Advancing European economic and financial integration.….

A fragmented European financial system entails economy-wide costs. On the other hand, an integrated digital asset ecosystem would be strong, efficient, resilient, and globally competitive. It would reduce transaction costs, enable faster settlement, support capital efficiency, and allow private operators to compete and innovate on top of public infrastructure.  

DLT presents an opportunity to enable seamless and secure settlement in central bank money across Europe at scale in ways that traditional systems cannot. However, a digital asset ecosystem requires upfront investment in standards, governance and coordination to ensure it is open, pan-European and interoperable with private solutions. In other words, a range of enablers are necessary to make sure we leverage the benefits of a modern digital ecosystem. (We set these out in our recent discussion paper on DLT and Tokenisation in Financial Services (PDF 1.37MB).)

A key objective for central banks is to mitigate the risk of fragmentation within the existing ecosystem while at the same time monitoring risks from activities outside the perimeter that could interact with it. We need to pursue a balanced approach that seeks to align public and private interests. In my view that means preventing central bank money settlement from being displaced by riskier settlement assets on private financial market infrastructures (so that we avoid exacerbating market fragmentation and any unwelcome indirect societal costs).

But the objective of all European policymakers – not just central banks – should be for a more integrated financial system to enable a stronger European economy, building on the euro and the Single Market’s Four Freedoms (free movement of goods, services, people, and capital). For small, open economies like Ireland, being part of the Single Market allows us to achieve efficiencies of scale that greatly surpass the capacity of our domestic market. Our competitive advantage lies in the scale provided by an integrated European ecosystem.

Next steps…

Right now, I see three main tasks for central banks. The main focus of this blog so far has been on the need to modernise our infrastructure, the key channel through which we lay the foundations for the future of the financial system.
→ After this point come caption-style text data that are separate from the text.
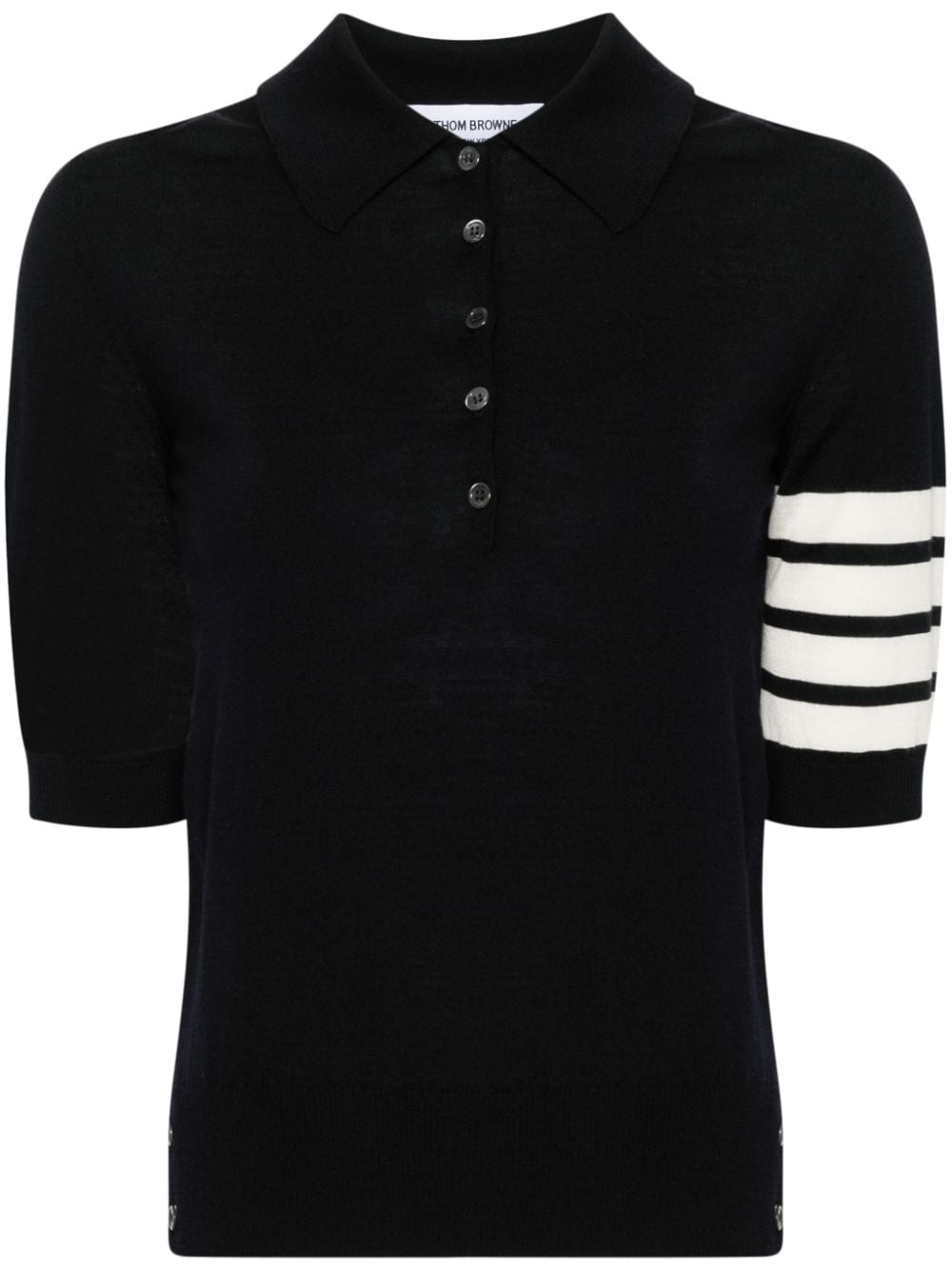 Thom Browne Women Wool Polo Shirt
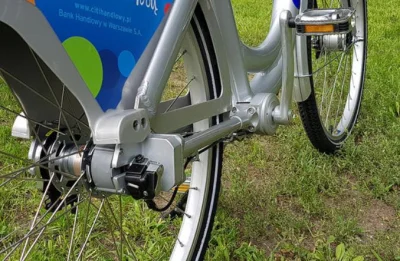 modzelem - W zeszłym tygodniu w Warszawie zaprezentowano 50 nowych rowerów Veturilo, ...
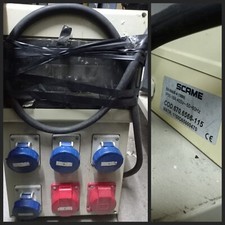 Scame 670.6566 115 usato  Italia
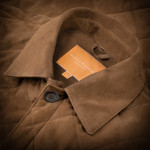 Berkeley Quilted Suede Jacket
But there are two further – and no less important – dimensions to our work.

First, we need to ensure that the financial system of the future is safe.  Regulating and supervising well continues to be fundamental to managing risks arising from private sector offerings and protecting consumers and the wider system.

Second, we need to remain curious and engaged so that we can understand the dynamics that are driving innovation and their implications.  We need to deepen our understanding of the implications of the evolving digital ecosystem.  Effective policy requires a system-wide perspective and independent analysis.  To that end, we are engaging widely so that we can learn and respond appropriately. Moreover, within our Innovation Sandbox Programme, we are working directly with firms to provide regulatory advice and support on their innovative projects, in line with our public policy objectives.

We are also undertaking an analysis of the macro-financial and macroeconomic effects of innovation in money and payments for broad cohorts in society. We published two papers last week: a signed Article (PDF 1.04MB) that serves as a comprehensive analysis of the existing infrastructure that underpins both traditional and emerging payment systems, and a Staff Insight describing survey evidence looking at willingness to adopt the digital euro.

These publications mark the first in a series reflecting a heightened focus in our research on innovation in the payments system. It will help to inform us and the wider public on what are complex and rapidly-moving activities, and guide our understanding of how our financial system is likely to evolve.